Interpolated strings

H. S. Teoh via Digitalmars-d digitalmars-d at puremagic.com
Thu Apr 20 13:43:35 PDT 2017


On Thu, Apr 20, 2017 at 03:32:18PM -0400, Nick Sabalausky (Abscissa) via Digitalmars-d wrote:
[...]
> IMO, the only time a format string should be used instead of
> std.conv.text() or interpolated strings is when:
> 
> 1. You're just rendering *one* value at a time with non-standard
> formatting options (ie, left-/right-justified, leading/trailing
> zeroes, etc). (Speaking of which, `interp` could really use some
> formatting features so this could be avoided, and for performance
> reasons.)
> 
> 2. You need to support custom formatting specified at runtime (ex:
> software that supports displaying date/time in custom user-defined
> formats) but want to be lazy about it and not bother finding/writing a
> more user-friendly formatting syntax than printf-style (ie, extremely
> rare).

Hmm. I wonder if this is a matter of habituation and the kind of use
cases you most commonly encounter. Having programmed in Perl extensively
as well as in C/C++/D, I've dealt with both kinds of syntaxes, and I
find that each has its own niche where it does best, while for use cases
outside that niche it still works but not as well as the other syntax.

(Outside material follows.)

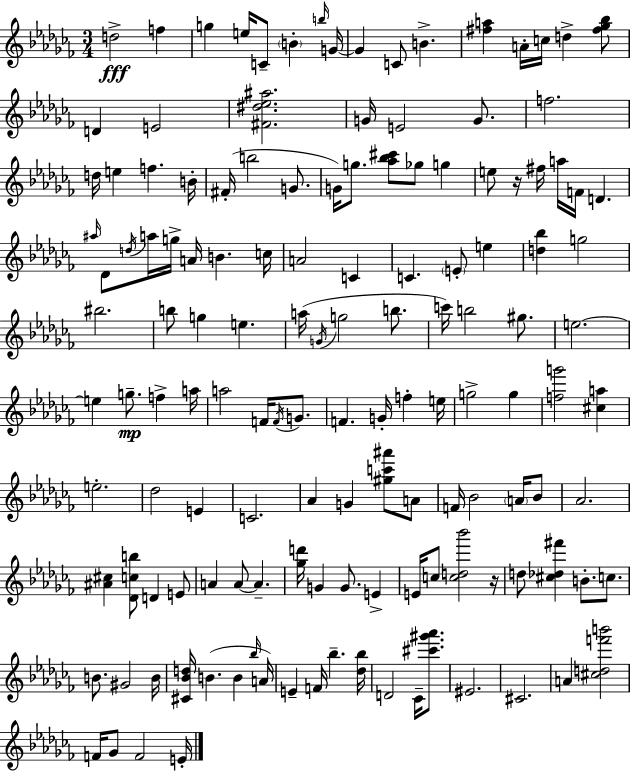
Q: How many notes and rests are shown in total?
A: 139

For example, if you are printing lots and lots of text with only the
occasional variable, the interpolated syntax is far more readable, e.g.:

	#!/usr/bin/perl
	print <<END
	Dear $title $name,

	This is a spam email sent by $companyName corporation on behalf
	of $evilAdvertisingCompany to solicit for a donation of
	$dollarAmount to the lobbying against anti-spam bills proposed
	by the government of $country.

	Yours truly,
	$spammerName
	END;

is far more readable (and maintainable!) than:

	writefln(q"END
	Dear %s %s,

	This is a spam email sent by %s corporation on behalf
	of %s to solicit for a donation of
	$%d to the lobbying against anti-spam bills proposed
	by the government of %s.

	Yours truly,
	%s
	END", title, name, companyName, evilAdvertisingCompany,
	dollarAmount, country, spammerName);

Much of this is due to the out-of-band issue you mentioned. Somebody
could easily write the arguments in the wrong order, or substitute a
variable with another one not meant to be formatted, and it would be
difficult to notice the mistake just by looking at the code.

But if you're printing lots of variables according to a precise template
(e.g., rows of a table or a list of fields), format strings make more
sense, e.g.:

	foreach (rec; records) {
		writefln("[%8d] %20s  %10.3f", rec.id, rec.name, rec.amount);
		writefln("      %20s  %10s", rec.altName, rec.comment);
		writefln("      %20s  %6s", rec.address, rec.postalCode);
	}

The advantage here is that you separate formatting from content,
ostensibly a good thing depending on which circles you hang out in.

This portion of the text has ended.